**Records**

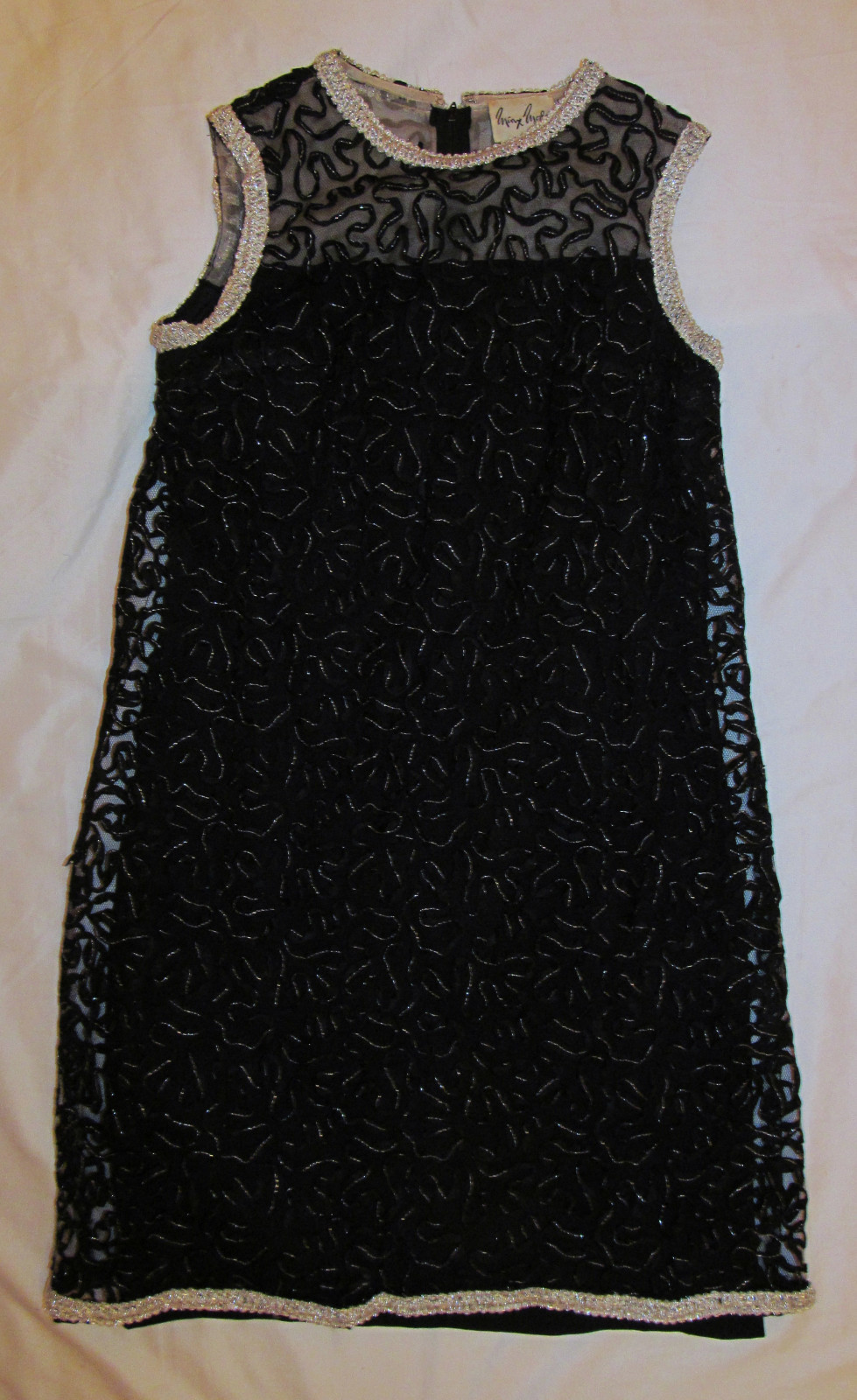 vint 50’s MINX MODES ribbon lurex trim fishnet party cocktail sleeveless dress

==

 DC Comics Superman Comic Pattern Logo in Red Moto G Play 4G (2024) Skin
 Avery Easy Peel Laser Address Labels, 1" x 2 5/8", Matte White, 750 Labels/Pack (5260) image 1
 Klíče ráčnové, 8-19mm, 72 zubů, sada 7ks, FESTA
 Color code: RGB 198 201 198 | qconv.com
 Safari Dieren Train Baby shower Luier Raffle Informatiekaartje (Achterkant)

==

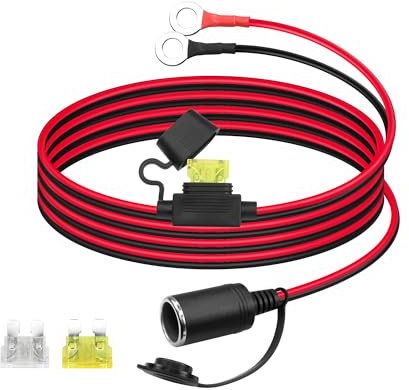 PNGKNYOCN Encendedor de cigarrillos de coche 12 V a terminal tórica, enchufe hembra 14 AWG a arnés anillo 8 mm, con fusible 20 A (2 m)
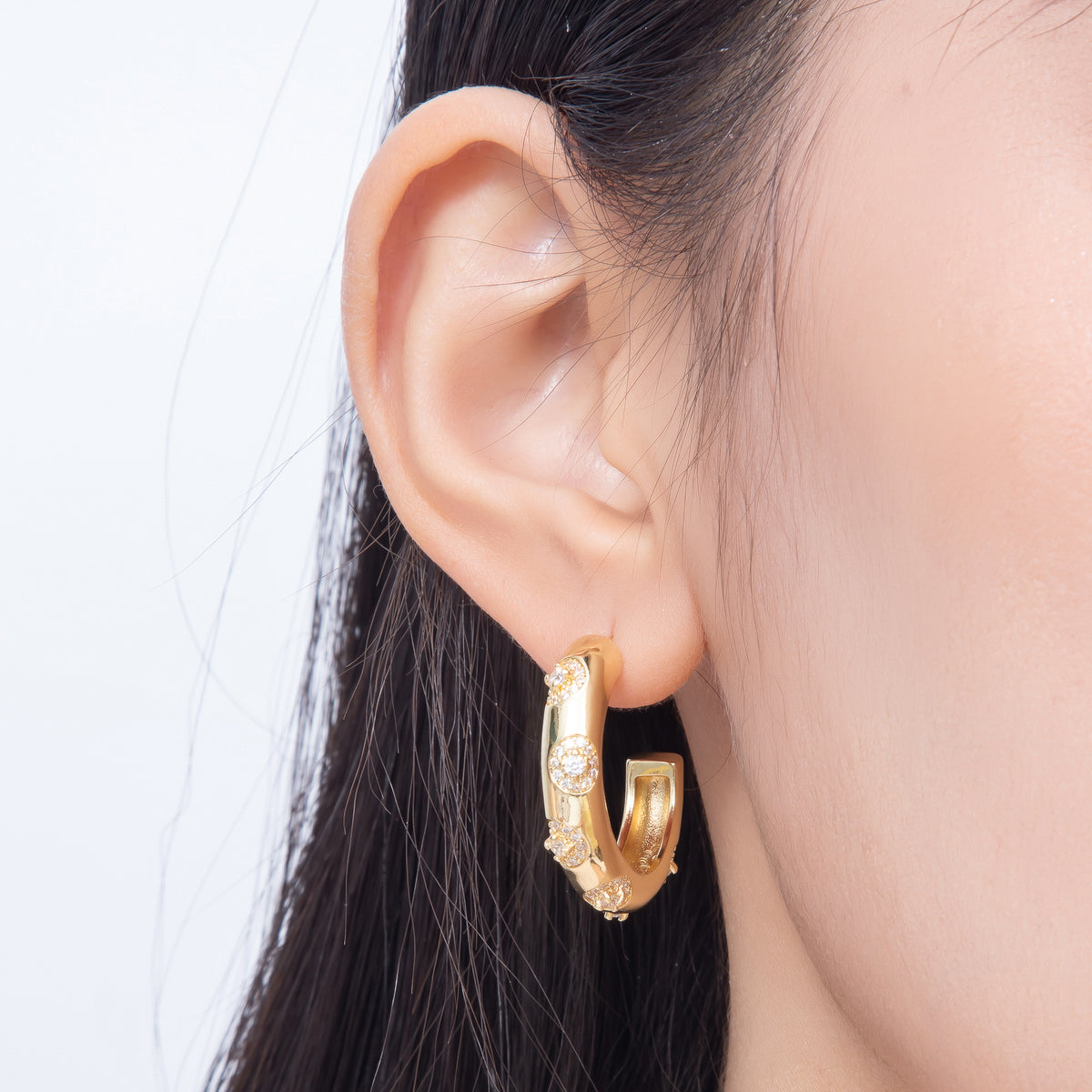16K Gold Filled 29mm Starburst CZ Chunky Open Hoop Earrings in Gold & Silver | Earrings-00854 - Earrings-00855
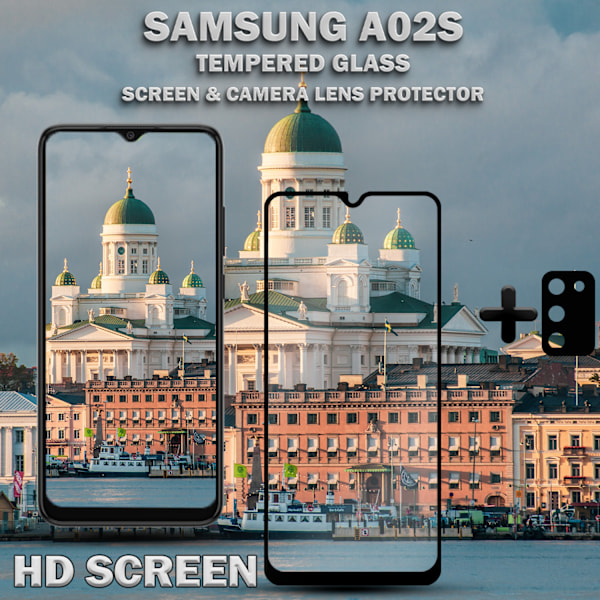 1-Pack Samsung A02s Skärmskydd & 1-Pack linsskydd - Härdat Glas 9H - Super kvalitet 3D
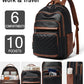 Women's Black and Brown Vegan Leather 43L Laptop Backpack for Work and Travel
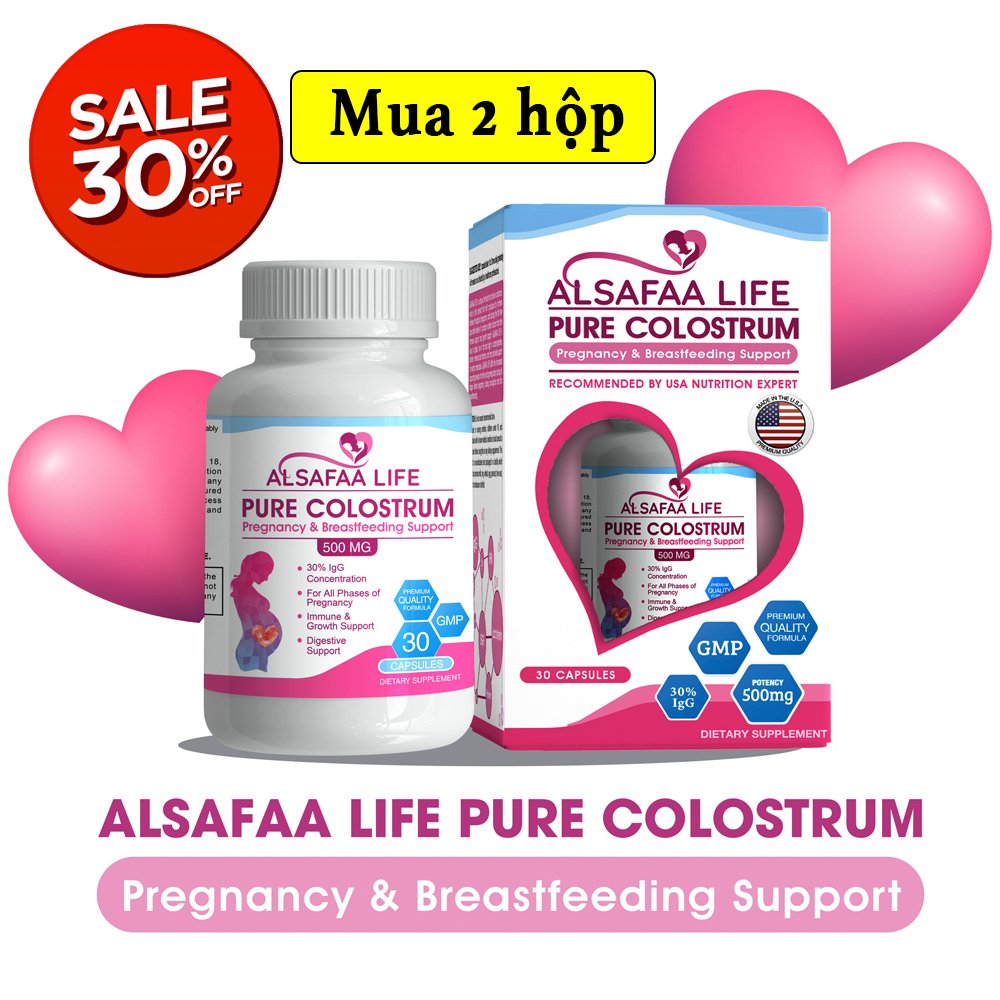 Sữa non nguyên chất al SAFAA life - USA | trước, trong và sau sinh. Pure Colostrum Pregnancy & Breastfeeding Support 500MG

**Task directions**
Return the span of lines in the data above that opens at the line with "Color code: RGB 198 201 198 | qconv.com" and closes at the line with "Safari Dieren Train", exactly, ends included, nothing else.

**The answer**
 Color code: RGB 198 201 198 | qconv.com
 Safari Dieren Train Baby shower Luier Raffle Informatiekaartje (Achterkant)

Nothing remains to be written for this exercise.